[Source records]
Start of Block
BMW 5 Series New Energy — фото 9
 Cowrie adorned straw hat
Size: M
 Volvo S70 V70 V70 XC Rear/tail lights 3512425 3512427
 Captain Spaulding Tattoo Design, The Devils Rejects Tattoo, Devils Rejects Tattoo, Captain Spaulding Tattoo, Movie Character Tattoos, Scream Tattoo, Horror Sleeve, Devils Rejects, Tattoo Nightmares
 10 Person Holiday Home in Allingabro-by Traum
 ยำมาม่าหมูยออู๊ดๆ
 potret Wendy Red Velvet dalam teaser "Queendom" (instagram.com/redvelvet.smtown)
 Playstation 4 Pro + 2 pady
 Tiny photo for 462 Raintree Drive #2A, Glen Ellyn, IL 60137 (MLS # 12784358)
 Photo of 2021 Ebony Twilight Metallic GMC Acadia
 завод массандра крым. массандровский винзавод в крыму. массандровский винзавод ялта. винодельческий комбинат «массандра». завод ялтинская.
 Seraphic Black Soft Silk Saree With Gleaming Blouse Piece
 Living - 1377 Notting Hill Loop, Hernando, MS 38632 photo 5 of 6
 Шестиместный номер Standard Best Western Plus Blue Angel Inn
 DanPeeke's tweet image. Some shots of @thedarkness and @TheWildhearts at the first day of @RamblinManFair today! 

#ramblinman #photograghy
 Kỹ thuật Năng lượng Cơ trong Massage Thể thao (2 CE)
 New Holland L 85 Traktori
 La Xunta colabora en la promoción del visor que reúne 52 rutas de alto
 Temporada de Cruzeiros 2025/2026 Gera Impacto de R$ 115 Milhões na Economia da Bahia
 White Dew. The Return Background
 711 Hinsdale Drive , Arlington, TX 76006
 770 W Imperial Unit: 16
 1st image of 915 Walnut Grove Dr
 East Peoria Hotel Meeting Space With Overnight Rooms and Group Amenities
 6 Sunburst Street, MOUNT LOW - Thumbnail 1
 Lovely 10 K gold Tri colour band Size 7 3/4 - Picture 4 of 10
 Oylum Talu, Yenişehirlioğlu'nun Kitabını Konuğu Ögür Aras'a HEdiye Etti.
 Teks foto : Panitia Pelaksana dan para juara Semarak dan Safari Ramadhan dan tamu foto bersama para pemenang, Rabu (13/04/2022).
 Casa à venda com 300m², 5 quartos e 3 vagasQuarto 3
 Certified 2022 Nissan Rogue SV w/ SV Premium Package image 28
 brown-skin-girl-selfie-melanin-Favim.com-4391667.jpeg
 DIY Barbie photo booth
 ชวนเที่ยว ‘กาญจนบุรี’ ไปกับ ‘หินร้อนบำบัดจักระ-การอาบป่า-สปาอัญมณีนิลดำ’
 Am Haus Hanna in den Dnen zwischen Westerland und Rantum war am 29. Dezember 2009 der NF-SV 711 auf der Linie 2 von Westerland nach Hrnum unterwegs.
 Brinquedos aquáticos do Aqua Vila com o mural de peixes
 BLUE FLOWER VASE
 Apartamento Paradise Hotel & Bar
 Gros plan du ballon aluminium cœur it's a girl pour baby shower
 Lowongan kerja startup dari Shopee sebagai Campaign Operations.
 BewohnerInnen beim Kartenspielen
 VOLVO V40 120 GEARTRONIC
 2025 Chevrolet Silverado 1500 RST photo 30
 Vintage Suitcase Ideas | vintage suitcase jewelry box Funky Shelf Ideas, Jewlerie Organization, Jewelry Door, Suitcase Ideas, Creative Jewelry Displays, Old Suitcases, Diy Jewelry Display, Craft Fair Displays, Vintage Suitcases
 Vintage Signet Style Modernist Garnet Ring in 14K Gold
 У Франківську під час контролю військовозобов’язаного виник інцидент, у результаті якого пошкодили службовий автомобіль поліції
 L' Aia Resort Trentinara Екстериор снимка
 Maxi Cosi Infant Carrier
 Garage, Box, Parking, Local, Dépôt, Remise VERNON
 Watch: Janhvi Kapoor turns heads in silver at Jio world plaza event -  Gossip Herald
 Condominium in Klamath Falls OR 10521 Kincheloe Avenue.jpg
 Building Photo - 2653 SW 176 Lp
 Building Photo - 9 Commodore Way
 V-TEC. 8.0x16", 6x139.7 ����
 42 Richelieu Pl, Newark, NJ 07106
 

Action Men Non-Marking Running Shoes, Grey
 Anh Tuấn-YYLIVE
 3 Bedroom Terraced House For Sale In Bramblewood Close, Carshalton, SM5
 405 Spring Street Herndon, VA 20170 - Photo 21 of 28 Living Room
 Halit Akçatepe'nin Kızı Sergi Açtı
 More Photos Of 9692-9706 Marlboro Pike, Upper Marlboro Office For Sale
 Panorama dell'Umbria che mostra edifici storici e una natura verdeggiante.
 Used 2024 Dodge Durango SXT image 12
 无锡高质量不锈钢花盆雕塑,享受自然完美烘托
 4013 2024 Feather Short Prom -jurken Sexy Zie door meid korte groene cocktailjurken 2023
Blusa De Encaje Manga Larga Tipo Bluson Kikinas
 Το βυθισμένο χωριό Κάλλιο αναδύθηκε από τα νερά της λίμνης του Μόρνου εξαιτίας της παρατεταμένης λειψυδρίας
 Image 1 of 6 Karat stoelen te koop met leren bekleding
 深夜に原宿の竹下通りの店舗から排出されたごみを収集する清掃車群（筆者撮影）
End of Block
Print the records verbatim, stopping after the "ยำมาม่าหมูยออู๊ดๆ" line.

Written response:
BMW 5 Series New Energy — фото 9
 Cowrie adorned straw hat
Size: M
 Volvo S70 V70 V70 XC Rear/tail lights 3512425 3512427
 Captain Spaulding Tattoo Design, The Devils Rejects Tattoo, Devils Rejects Tattoo, Captain Spaulding Tattoo, Movie Character Tattoos, Scream Tattoo, Horror Sleeve, Devils Rejects, Tattoo Nightmares
 10 Person Holiday Home in Allingabro-by Traum
 ยำมาม่าหมูยออู๊ดๆ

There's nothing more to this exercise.